According to Midgley, Intel technologies dramatically reduce the time required to accomplish the task. “With Intel’s support, every optimization we do for our systems running the Intel Xeon Phi processor 7200 increases performance of DUG’s technology,” he points out.
Many other innovative HPC technologies from Intel such as Intel Solid State Drives and its Ethernet networking have improved DUG’s data quality, accuracy, and analysis speed. As a result, DUG’s supercomputing systems run faster, more reliably, and have improved energy efficiency. The new processors provide more FLOPS-per-watt by utilizing less electricity, while simultaneously delivering much faster computing. Enterprise-grade equipment means data integrity with full data checksumming, from DRAM all the way to bytes on spinning platters.

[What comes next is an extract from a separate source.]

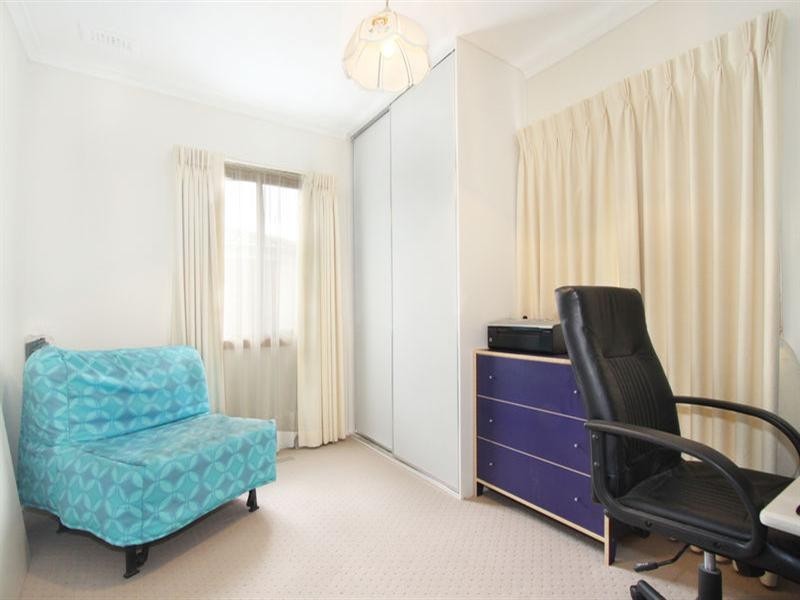 11 Coolac Street, Chadstone VIC 3148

Midgley explains that Intel technology has helped DUG meet its large-scale challenges. “For one very large project, the surveyed area covered 24,000 square kilometers and had 200 terabytes of raw input data,” he says. “The latest Intel Xeon Phi processors allowed us to accomplish in seven to eight months what previously would have taken years.”
DUG’s research and development team design, code, and optimize the numerical algorithms to take full advantage of the Intel Xeon Phi processors. This has resulted in the shortest time-to-solution in the industry—while utilizing the highest quality algorithms and without compromising data quality. No shortcuts were needed.

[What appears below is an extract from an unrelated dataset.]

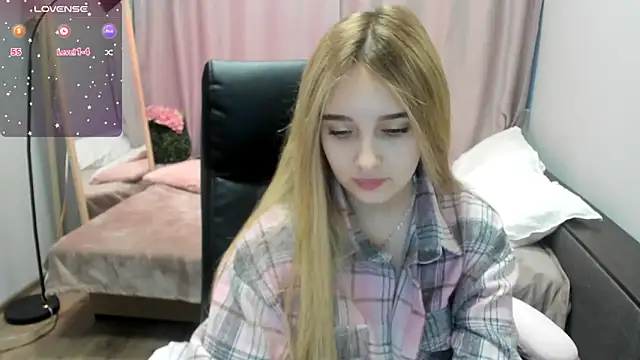 TaisiaHot online show from March 23, 2026, 9:02 am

Despite the added computing power, the latest CPUs require less energy to perform the computation-heavy tasks. “At our facilities, we have limits on the amount of power we can access,” Midgley says. “Lower energy consumption by the processors means we can get more flops within our energy budget.”
The latest processors and other HPC technologies from Intel enable DUG to process its client’s data faster, more efficiently, and more accurately. The solution is energy efficient and requires less physical space than most supercomputers. DUG clearly sees a positive return on its investment in HPC technology, and, in turn, is able to deliver better services at a lower cost.
Midgley believes the new HPC adds to DUG’s value proposition. “Every advancement in supercomputing performance DUG adopts allows us to obtain higher-quality geophysical data at an even higher fidelity and return more insightful information to our clients,” he says. “This empowers them to make the most informed decisions about new drilling sites and maximizes the potential return from each hydrocarbon reserve. Intel’s investments in HPC technology are central to our business. Every improvement in performance is a competitive advantage for us.”